__WHAT IS EXPECTED__
In the listing that follows, locate the line containing "Anh... ảnh 1 Phe" and the line containing "Let’s start the". Retype exactly those two lines and every line between them, and nothing more.

__PROVIDED INFORMATION__
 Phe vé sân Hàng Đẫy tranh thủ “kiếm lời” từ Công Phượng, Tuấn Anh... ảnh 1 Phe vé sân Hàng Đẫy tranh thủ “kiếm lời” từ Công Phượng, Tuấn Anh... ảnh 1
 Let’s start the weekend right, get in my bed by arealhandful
* * *
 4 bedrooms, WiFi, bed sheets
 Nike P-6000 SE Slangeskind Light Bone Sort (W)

__SOLUTION TO THIS EXERCISE__
 Phe vé sân Hàng Đẫy tranh thủ “kiếm lời” từ Công Phượng, Tuấn Anh... ảnh 1 Phe vé sân Hàng Đẫy tranh thủ “kiếm lời” từ Công Phượng, Tuấn Anh... ảnh 1
 Let’s start the weekend right, get in my bed by arealhandful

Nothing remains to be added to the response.